Pressão da Indústria Musical
A Secretária Liz Kendall afirmou que o governo "ouviu" as preocupações da indústria musical, que se manifestou contra a proposta de permitir que empresas de IA treinassem seus modelos com músicas protegidas, utilizando um sistema de "opt-out". Desde o anúncio inicial em dezembro de 2024, o debate sobre a proteção dos direitos dos músicos intensificou-se, culminando em uma defesa apaixonada do compositor Max Richter, que destacou a importância da conexão humana na criação musical.
Reações de Artistas e Especialistas
Estrelas como Paul McCartney, Dua Lipa e Elton John se uniram em uma campanha contra a proposta, alertando que permitir a utilização de obras protegidas sem remuneração seria um ato de "roubo em larga escala". Kendall reconheceu que o governo precisa dedicar mais tempo para desenvolver uma política de IA que respeite os direitos dos criadores, enfatizando que a indústria musical gera cerca de £8 bilhões para a economia britânica, empregando cerca de 220.000 pessoas.

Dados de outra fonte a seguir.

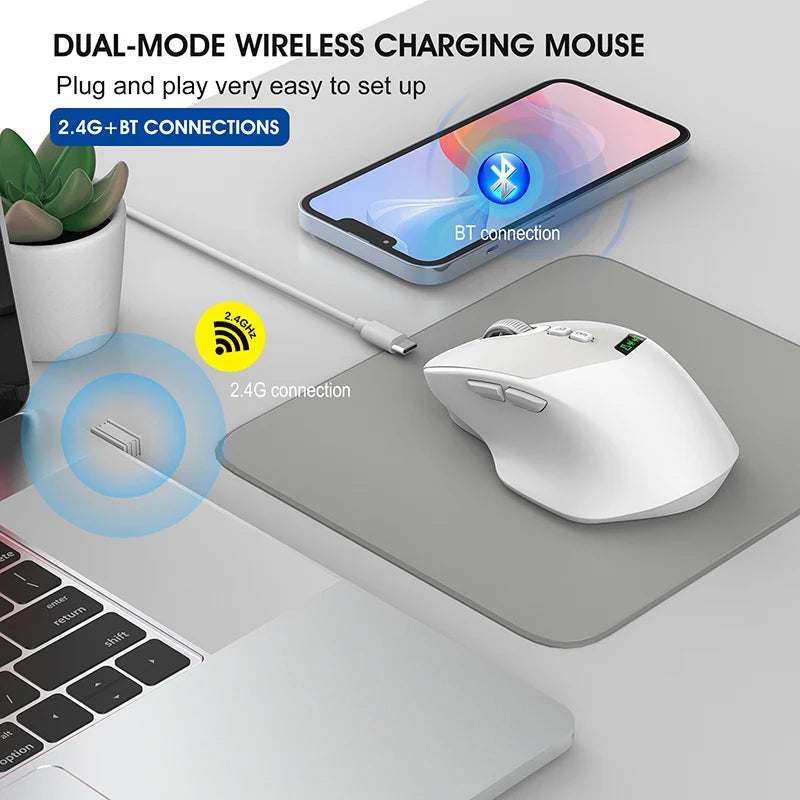 Noiseless T02 Dual Mode Wireless Mouse Bluetooth 5.0 & 2.4G, Silent Click, Large Battery Rechargeable, Battery Display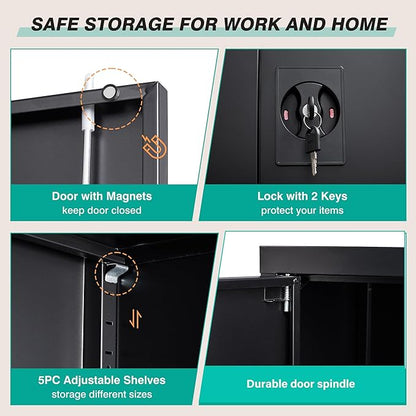 SISESOL Small Metal Storage Cabinet with Doors and Shelves,36 inch Black Locking Garage Cabinet,Lockable Short Steel Cabinets for Home,Office,Shop,Garage
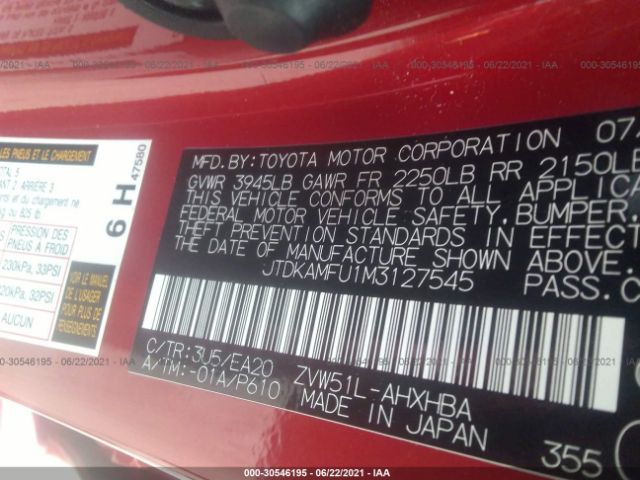 Photo 8 VIN: JTDKAMFU1M3127545 - TOYOTA PRIUS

Futuro da Proteção de Direitos Autorais
Tom Kiehl, da UK Music, expressou alívio com a decisão do governo, mas alertou sobre a necessidade de evitar qualquer exceção futura que prejudique os criadores. A proteção dos direitos autorais é crucial para que os artistas possam continuar a criar sem o medo de que suas obras sejam exploradas sem compensação justa.
Em resumo
A decisão do governo britânico representa uma vitória para a indústria musical, que clama por reconhecimento e proteção em tempos de rápida evolução tecnológica. À medida que a discussão sobre IA e direitos autorais continua, a esperança é que políticas mais justas e respeitosas sejam implementadas, garantindo que a criatividade e o trabalho dos artistas sejam devidamente valorizados.